Task description » Your copy should start at the line with "We can't add" and end at the line with "Within Vault, you" in the data below. Transcribe only those lines, exactly, pictures excluded.

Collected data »
= = = =

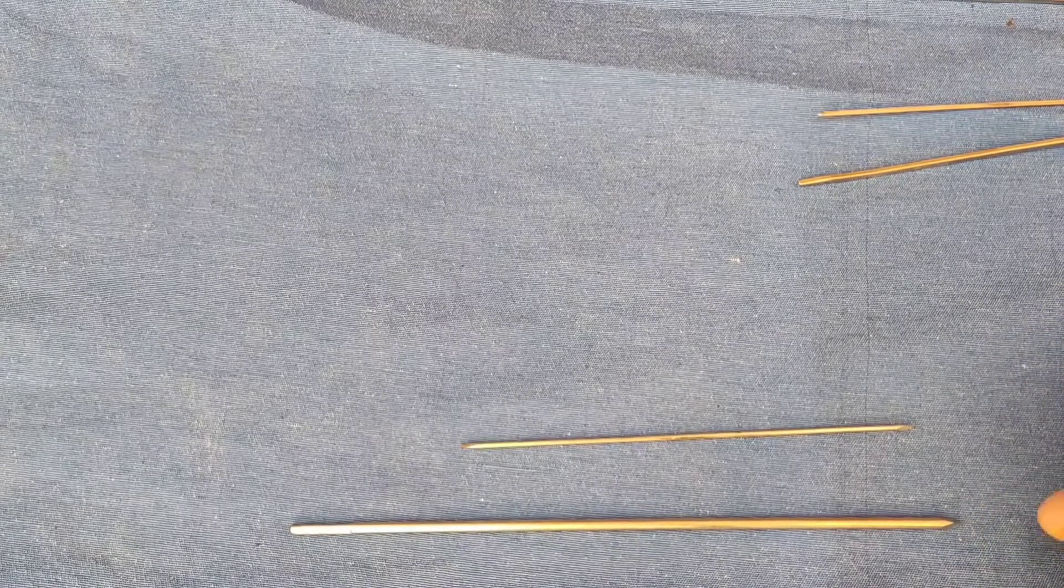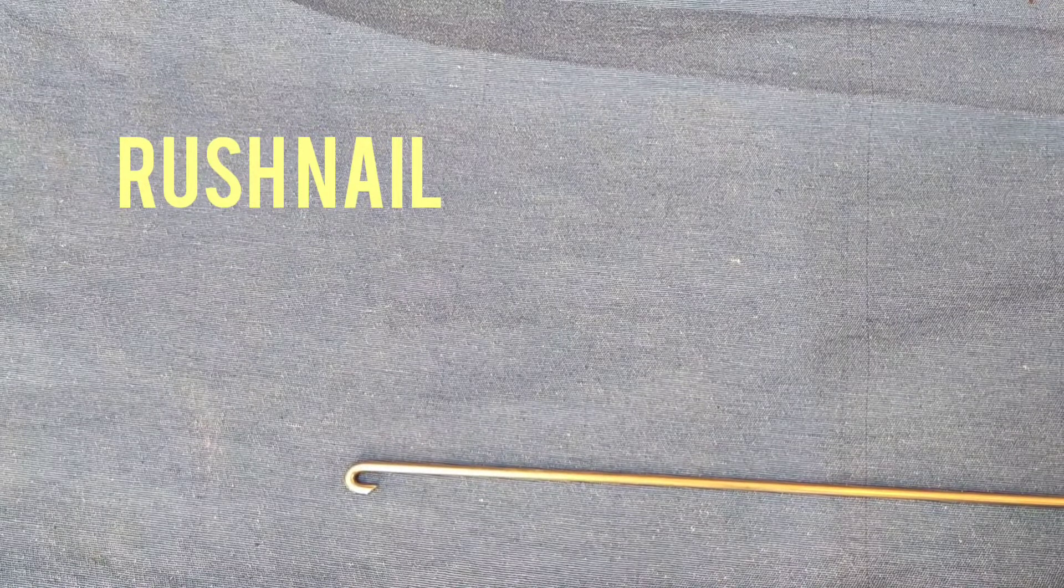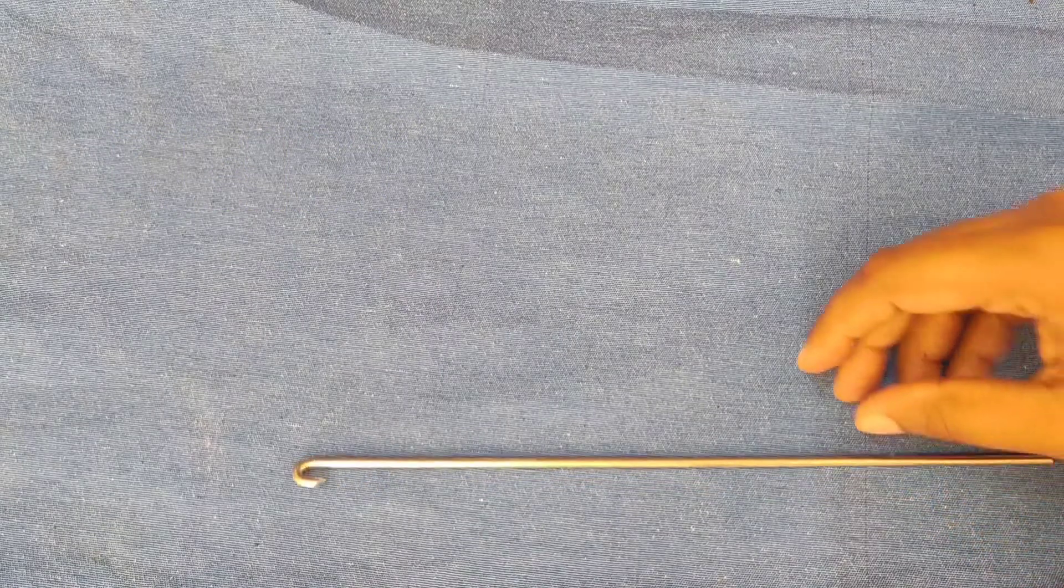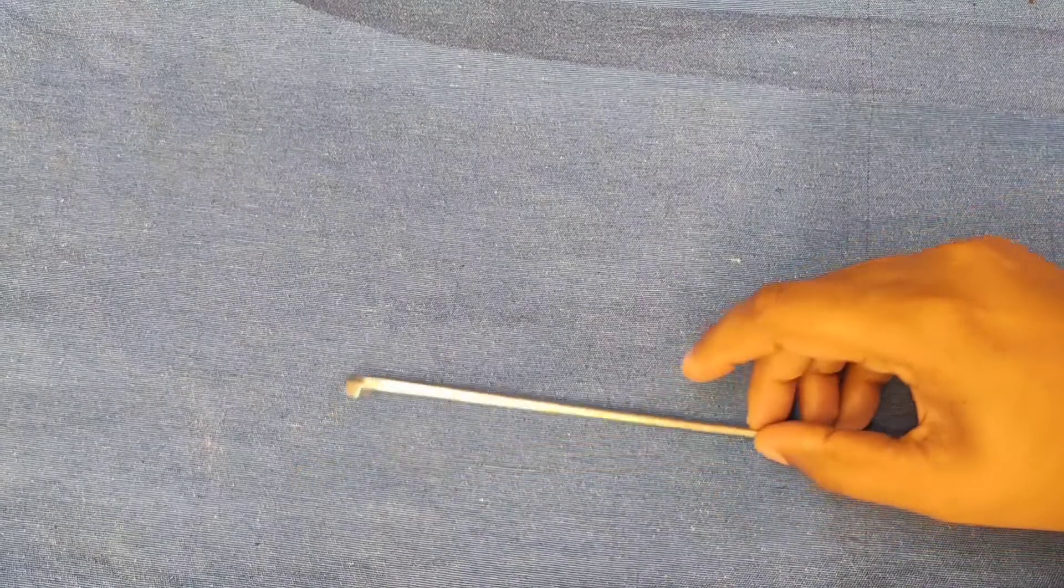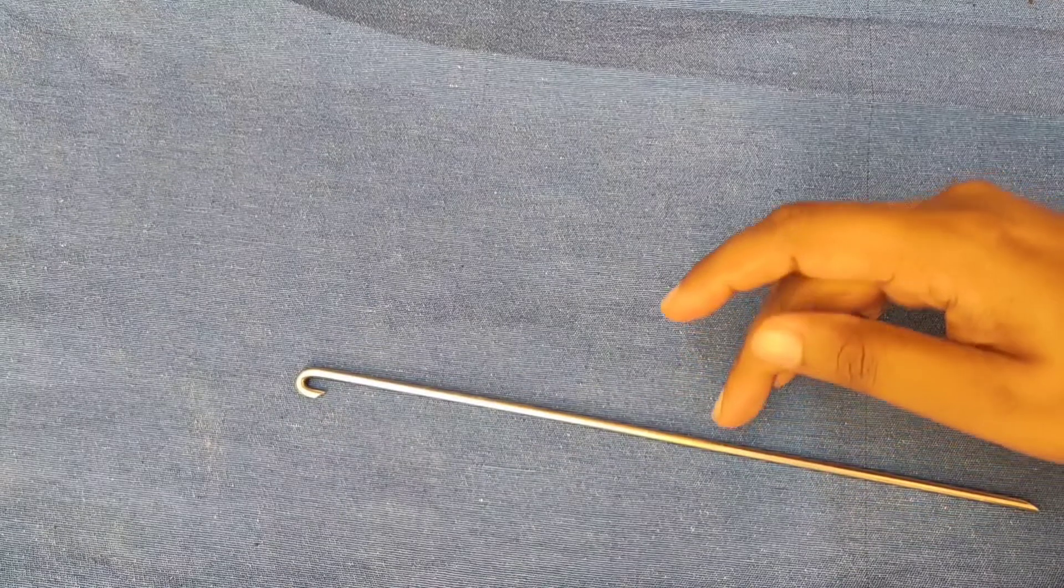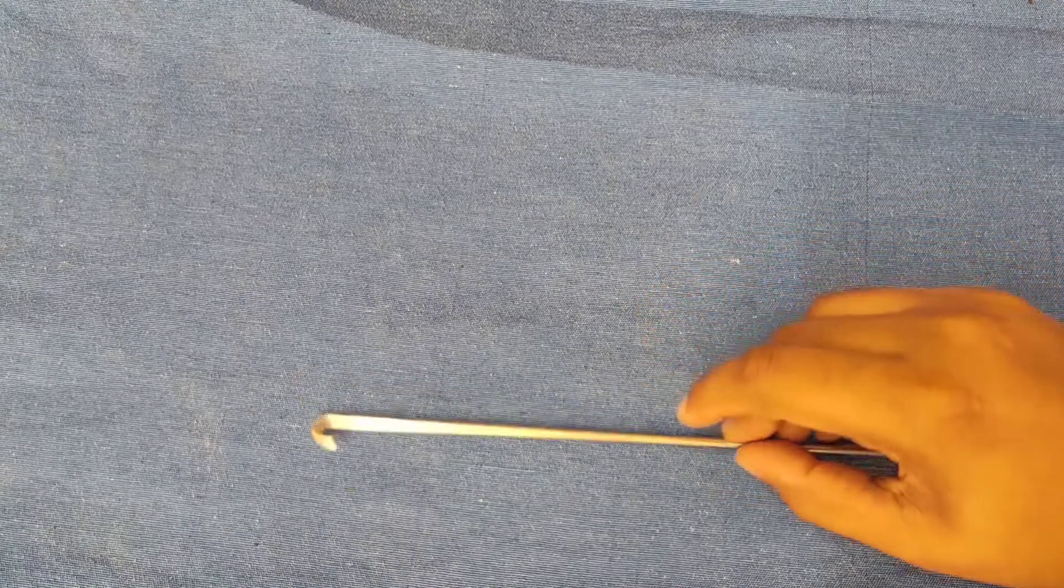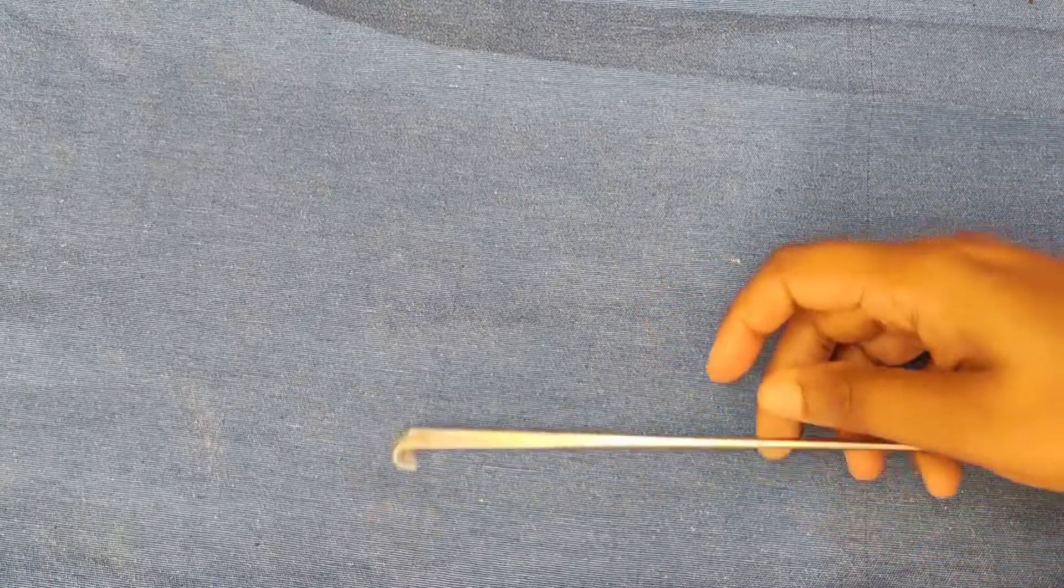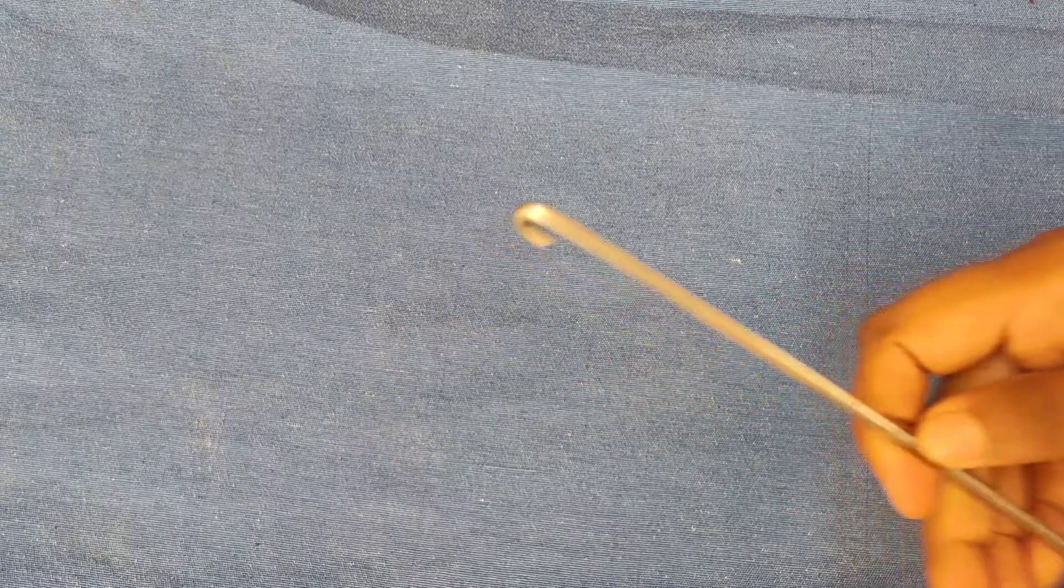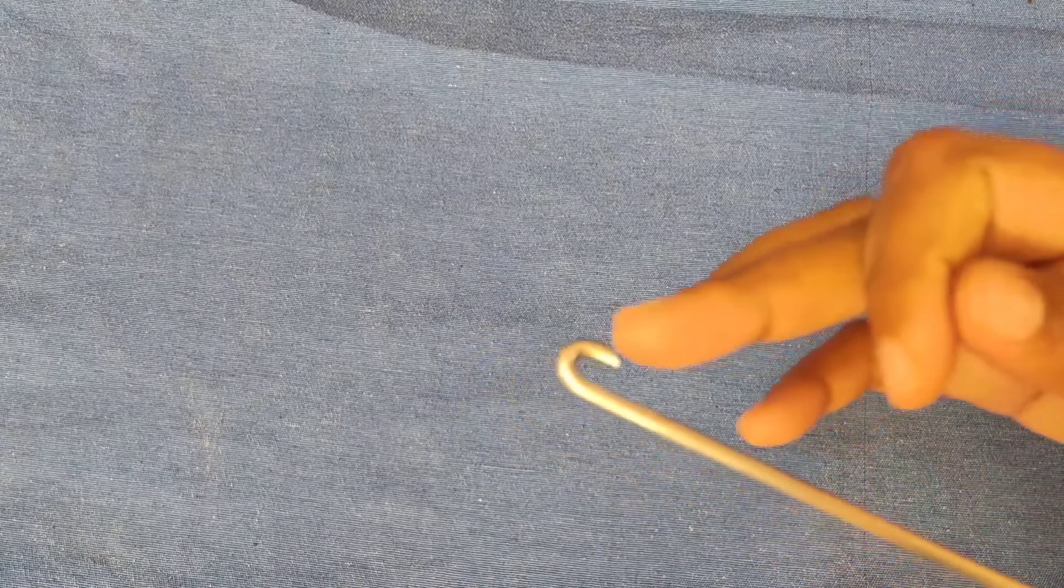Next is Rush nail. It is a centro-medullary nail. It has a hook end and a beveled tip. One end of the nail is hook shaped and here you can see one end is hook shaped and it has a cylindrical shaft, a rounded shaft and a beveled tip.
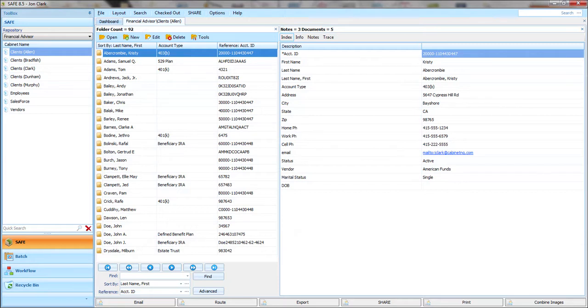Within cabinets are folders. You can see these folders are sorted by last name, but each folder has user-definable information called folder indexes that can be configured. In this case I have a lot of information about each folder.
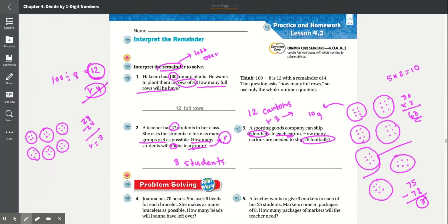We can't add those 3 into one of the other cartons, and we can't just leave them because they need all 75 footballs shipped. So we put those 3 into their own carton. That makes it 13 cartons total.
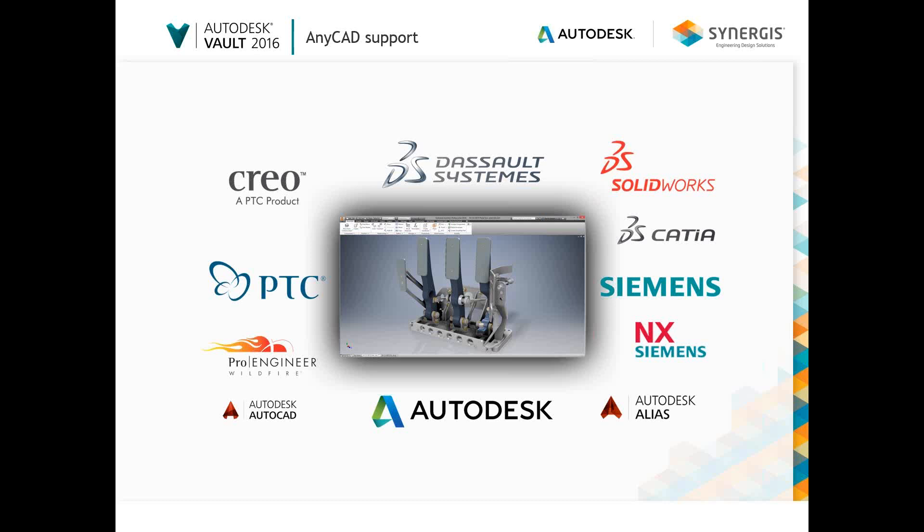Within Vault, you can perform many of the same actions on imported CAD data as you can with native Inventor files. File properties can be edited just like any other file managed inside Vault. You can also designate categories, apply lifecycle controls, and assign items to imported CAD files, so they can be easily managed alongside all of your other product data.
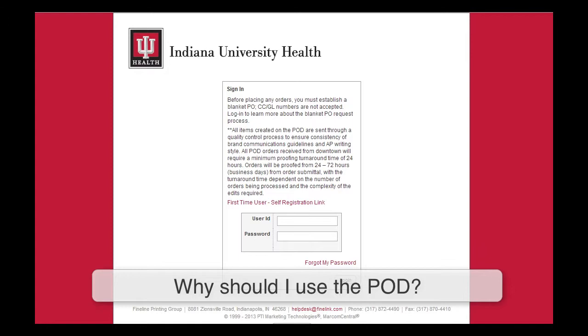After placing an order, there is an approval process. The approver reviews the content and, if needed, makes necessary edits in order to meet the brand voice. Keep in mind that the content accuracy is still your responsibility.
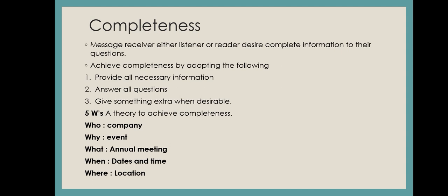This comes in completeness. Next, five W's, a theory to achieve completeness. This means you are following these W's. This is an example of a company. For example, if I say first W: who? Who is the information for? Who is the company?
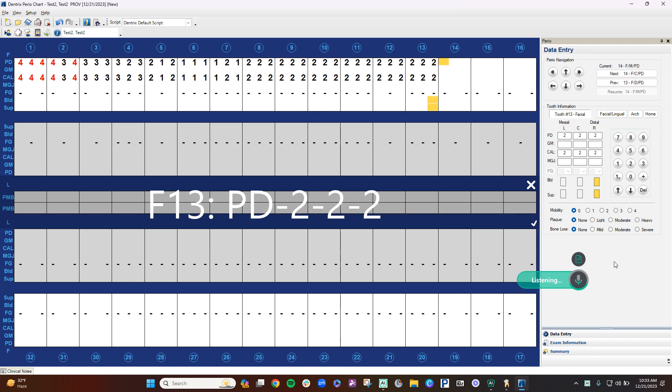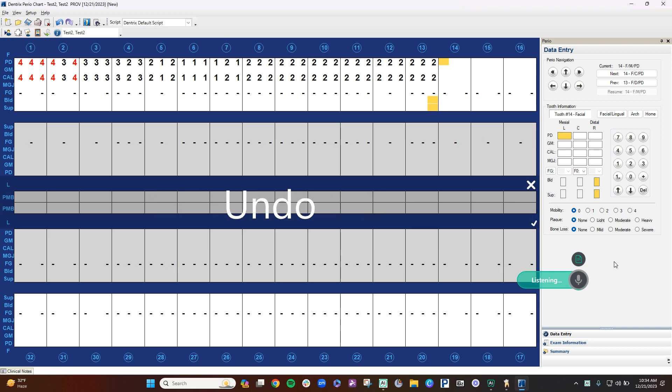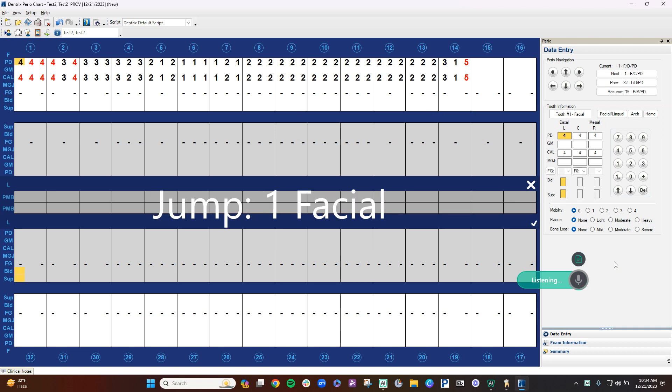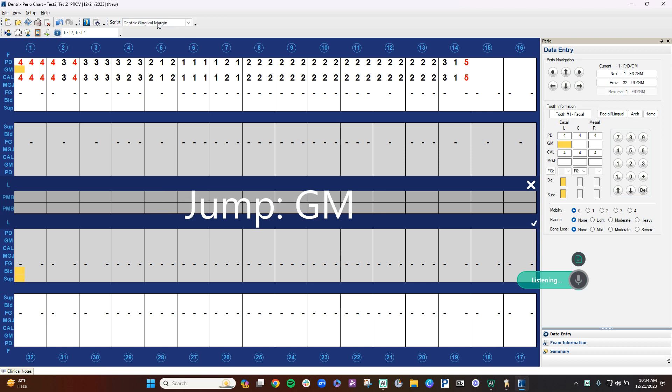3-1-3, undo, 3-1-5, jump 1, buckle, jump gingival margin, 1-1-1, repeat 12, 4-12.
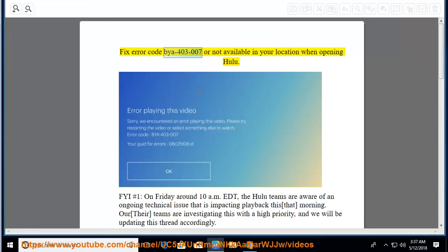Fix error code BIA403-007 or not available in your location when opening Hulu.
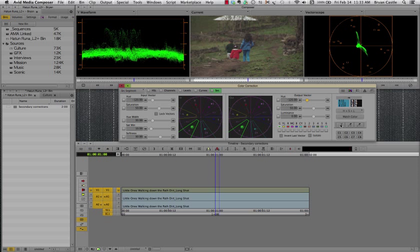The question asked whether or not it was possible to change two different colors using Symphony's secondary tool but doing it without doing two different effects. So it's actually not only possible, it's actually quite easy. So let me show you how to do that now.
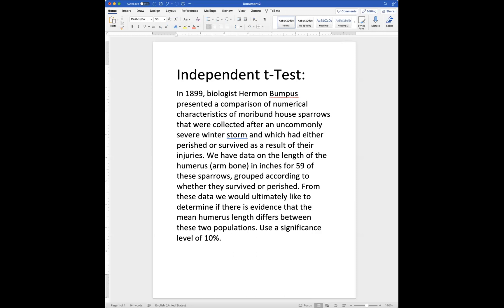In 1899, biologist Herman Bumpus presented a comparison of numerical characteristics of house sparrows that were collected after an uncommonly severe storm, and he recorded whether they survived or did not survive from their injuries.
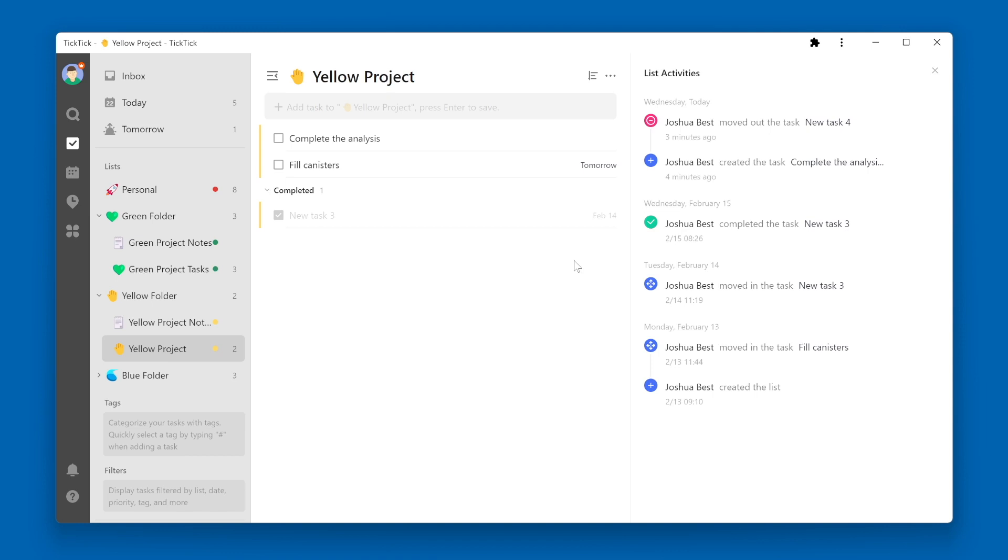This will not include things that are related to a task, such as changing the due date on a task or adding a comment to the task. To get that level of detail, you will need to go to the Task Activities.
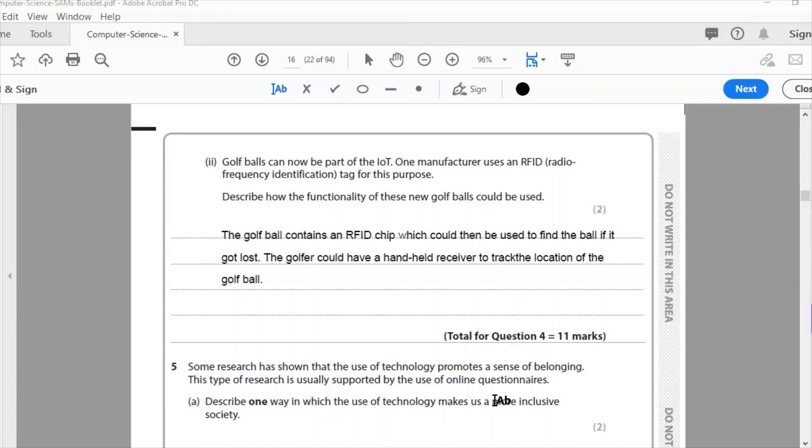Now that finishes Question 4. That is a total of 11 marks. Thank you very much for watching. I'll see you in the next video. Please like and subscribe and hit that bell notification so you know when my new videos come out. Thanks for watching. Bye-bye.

= = = =

Solution for this exercise »
We can't add those 3 into one of the other cartons, and we can't just leave them because they need all 75 footballs shipped. So we put those 3 into their own carton. That makes it 13 cartons total.
Within Vault, you can perform many of the same actions on imported CAD data as you can with native Inventor files. File properties can be edited just like any other file managed inside Vault. You can also designate categories, apply lifecycle controls, and assign items to imported CAD files, so they can be easily managed alongside all of your other product data.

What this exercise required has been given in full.